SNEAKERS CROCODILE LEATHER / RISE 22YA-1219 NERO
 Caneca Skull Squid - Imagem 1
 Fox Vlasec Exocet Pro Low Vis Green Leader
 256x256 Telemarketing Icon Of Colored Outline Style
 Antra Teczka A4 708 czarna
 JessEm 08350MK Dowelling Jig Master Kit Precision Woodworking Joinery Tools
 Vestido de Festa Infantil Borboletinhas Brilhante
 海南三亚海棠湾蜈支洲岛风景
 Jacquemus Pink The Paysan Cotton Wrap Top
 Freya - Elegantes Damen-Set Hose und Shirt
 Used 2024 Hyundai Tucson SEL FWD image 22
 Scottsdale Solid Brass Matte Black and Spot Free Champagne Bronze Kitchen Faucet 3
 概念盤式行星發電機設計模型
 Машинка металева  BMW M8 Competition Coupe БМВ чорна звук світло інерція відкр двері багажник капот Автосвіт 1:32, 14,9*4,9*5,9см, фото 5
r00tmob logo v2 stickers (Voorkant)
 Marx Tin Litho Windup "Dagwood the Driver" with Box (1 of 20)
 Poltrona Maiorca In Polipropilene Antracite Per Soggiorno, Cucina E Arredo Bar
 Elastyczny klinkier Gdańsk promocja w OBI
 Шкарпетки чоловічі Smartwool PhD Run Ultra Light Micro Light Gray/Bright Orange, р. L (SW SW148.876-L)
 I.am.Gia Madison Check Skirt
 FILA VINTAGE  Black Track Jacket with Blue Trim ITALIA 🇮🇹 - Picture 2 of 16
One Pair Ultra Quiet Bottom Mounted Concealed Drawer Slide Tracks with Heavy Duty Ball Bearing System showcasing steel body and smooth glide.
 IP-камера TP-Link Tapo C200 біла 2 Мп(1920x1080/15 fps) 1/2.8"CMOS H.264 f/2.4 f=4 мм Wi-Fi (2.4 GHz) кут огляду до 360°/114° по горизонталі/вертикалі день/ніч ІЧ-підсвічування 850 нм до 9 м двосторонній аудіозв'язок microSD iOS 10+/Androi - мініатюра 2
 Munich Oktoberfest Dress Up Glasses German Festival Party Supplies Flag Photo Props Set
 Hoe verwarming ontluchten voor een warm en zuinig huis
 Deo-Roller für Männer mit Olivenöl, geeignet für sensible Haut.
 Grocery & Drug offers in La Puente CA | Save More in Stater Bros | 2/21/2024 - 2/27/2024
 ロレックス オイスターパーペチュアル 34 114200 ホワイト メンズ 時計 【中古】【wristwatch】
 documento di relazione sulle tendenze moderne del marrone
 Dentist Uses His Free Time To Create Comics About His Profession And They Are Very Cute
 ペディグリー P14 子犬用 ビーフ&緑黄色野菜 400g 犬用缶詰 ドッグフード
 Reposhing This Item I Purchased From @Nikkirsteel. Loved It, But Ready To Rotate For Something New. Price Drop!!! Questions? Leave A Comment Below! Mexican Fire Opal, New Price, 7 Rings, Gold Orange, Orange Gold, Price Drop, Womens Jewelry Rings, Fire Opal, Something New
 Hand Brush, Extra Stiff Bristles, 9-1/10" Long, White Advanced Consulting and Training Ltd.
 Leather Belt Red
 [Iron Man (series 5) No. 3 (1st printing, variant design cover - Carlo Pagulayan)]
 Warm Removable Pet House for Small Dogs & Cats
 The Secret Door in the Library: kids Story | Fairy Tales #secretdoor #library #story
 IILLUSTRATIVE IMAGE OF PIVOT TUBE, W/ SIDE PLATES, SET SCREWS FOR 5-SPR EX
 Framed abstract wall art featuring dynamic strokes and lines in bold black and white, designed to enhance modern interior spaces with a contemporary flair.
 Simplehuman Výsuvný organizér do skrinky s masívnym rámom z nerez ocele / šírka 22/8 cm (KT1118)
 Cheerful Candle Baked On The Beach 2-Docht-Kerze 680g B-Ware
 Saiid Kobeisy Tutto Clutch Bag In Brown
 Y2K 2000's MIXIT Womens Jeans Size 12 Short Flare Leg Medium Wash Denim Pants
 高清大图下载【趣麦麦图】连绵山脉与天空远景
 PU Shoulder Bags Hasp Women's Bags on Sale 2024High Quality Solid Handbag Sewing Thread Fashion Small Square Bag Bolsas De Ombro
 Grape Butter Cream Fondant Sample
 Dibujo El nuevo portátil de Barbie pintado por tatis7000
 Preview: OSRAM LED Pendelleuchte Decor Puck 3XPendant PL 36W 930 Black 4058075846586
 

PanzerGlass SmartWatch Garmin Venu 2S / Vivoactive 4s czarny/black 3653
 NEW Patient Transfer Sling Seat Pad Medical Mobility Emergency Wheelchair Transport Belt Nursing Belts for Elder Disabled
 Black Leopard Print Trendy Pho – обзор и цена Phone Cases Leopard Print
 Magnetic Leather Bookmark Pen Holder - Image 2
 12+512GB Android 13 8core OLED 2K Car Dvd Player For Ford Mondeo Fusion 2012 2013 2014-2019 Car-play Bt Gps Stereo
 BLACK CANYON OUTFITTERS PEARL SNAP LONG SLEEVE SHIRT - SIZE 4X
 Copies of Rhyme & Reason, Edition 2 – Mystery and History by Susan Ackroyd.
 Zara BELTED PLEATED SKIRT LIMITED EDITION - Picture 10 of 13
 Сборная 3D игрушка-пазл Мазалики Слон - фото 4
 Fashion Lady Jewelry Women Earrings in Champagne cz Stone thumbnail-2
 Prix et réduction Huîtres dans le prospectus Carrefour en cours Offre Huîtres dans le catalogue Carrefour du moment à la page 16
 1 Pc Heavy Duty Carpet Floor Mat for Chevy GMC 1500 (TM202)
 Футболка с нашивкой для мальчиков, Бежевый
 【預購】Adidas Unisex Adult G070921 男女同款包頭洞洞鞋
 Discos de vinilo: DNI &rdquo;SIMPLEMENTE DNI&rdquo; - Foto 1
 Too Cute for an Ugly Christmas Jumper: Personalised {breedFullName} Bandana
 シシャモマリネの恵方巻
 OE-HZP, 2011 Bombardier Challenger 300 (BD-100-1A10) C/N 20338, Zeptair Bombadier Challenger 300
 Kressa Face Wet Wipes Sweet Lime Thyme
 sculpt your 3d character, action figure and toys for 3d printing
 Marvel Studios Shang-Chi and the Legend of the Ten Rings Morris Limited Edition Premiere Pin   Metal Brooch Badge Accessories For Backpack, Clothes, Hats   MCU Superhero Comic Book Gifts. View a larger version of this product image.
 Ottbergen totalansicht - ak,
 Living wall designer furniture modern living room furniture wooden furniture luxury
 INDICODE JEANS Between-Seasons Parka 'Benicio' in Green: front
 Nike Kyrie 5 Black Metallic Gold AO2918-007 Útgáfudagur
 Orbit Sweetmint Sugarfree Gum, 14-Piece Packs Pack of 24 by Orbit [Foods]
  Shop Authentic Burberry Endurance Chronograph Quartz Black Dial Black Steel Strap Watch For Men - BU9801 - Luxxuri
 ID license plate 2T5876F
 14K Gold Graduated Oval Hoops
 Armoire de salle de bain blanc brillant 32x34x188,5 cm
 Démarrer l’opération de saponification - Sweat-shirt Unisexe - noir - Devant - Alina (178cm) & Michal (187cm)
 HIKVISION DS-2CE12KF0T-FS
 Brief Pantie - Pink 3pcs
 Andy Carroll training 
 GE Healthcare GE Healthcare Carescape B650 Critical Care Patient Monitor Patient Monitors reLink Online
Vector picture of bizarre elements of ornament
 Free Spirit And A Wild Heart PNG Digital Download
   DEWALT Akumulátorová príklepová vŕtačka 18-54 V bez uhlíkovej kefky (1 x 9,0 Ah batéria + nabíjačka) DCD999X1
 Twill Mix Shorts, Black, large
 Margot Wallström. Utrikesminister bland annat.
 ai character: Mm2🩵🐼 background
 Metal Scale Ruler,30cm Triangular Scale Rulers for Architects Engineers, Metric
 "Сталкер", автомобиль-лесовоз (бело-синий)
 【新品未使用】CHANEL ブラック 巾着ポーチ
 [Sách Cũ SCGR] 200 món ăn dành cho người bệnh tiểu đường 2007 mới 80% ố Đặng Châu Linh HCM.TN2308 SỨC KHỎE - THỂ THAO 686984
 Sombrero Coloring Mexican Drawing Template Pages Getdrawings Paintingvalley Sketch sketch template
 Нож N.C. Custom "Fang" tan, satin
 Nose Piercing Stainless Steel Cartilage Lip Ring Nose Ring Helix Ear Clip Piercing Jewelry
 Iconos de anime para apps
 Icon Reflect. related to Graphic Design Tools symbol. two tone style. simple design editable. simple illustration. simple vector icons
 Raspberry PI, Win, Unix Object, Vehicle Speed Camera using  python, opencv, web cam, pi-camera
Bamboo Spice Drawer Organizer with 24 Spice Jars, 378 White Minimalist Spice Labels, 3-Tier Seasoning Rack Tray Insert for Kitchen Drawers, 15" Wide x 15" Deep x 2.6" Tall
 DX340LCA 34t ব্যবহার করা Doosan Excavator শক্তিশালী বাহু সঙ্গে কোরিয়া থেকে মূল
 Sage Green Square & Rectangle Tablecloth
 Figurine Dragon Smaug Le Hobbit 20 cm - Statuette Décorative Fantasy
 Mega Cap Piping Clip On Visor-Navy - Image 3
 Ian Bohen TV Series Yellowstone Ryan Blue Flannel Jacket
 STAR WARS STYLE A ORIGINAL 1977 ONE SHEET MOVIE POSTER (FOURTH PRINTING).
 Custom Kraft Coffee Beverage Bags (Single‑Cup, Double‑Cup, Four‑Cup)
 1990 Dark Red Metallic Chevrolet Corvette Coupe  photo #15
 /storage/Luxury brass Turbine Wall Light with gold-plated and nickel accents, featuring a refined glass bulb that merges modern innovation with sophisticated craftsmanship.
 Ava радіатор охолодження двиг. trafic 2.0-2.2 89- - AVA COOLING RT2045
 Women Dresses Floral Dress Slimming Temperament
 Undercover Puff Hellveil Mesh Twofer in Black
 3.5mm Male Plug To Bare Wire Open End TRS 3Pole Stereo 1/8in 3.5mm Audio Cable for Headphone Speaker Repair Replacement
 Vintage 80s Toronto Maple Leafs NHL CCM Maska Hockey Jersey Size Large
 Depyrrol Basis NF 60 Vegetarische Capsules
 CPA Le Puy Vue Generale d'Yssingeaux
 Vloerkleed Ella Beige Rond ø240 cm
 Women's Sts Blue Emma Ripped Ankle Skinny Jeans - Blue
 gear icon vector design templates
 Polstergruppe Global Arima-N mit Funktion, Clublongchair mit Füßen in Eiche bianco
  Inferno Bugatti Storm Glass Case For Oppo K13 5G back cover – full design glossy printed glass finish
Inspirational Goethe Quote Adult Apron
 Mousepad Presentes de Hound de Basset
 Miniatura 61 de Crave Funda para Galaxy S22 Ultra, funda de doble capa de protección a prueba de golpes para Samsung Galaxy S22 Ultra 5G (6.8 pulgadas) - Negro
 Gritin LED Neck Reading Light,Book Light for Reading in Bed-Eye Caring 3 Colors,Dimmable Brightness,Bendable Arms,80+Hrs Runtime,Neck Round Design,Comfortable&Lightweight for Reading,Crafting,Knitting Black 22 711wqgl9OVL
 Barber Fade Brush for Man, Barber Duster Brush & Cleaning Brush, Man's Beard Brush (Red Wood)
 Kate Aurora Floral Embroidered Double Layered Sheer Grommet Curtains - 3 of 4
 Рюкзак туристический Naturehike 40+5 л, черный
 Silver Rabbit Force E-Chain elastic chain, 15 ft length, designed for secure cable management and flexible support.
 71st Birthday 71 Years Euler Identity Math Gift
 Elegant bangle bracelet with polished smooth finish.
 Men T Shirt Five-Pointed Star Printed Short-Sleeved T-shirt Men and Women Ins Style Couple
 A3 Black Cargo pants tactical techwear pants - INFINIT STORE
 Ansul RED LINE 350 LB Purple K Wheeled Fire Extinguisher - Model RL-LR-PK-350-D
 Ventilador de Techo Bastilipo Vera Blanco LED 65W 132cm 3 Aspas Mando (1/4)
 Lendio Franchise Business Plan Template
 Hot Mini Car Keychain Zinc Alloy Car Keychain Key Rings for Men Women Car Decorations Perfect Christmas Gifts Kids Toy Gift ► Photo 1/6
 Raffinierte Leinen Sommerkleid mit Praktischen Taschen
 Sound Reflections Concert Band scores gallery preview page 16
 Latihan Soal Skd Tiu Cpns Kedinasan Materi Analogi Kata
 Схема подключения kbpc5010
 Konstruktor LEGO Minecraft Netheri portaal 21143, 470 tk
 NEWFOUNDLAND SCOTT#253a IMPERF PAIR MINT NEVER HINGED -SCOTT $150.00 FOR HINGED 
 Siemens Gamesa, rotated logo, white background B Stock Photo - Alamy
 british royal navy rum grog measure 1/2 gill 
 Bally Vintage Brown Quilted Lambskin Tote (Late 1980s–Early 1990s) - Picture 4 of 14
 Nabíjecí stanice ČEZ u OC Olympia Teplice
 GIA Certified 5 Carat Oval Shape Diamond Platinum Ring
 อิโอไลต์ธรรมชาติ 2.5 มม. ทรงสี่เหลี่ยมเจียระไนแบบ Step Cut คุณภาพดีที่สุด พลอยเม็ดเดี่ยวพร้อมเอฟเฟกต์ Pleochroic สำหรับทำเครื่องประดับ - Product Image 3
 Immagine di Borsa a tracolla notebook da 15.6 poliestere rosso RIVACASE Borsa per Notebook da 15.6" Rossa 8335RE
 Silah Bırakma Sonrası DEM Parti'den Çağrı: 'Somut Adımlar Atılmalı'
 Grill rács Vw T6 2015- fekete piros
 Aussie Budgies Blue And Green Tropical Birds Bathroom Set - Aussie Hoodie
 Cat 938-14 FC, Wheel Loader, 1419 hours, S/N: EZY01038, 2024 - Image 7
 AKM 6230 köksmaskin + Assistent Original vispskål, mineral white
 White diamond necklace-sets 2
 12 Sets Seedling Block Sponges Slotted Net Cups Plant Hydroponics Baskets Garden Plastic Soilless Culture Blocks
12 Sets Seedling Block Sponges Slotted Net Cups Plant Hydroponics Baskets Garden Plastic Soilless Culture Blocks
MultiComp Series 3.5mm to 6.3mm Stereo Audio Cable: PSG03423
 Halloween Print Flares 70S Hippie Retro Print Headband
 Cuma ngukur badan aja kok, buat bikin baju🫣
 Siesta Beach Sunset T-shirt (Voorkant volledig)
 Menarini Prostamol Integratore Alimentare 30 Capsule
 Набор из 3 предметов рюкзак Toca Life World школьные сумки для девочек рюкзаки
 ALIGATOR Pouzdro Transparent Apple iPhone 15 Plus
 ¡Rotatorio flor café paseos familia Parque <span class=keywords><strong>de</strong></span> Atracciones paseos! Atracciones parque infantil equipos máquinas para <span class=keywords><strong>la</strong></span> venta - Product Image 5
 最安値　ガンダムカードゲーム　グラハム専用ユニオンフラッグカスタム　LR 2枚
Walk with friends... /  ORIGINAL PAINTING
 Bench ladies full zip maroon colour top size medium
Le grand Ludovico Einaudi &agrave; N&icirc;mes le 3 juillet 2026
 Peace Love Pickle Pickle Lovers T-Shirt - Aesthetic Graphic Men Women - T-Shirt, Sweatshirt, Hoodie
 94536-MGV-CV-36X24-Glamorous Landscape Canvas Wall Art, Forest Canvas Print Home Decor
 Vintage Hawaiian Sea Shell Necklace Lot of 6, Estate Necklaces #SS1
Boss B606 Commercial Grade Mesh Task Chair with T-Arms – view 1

● ● ● ● ● ● ●

- What this task involves -
Going through the entries above, report how many lines include the string "Kitchen". The number alone is the answer.

- Answer below -
2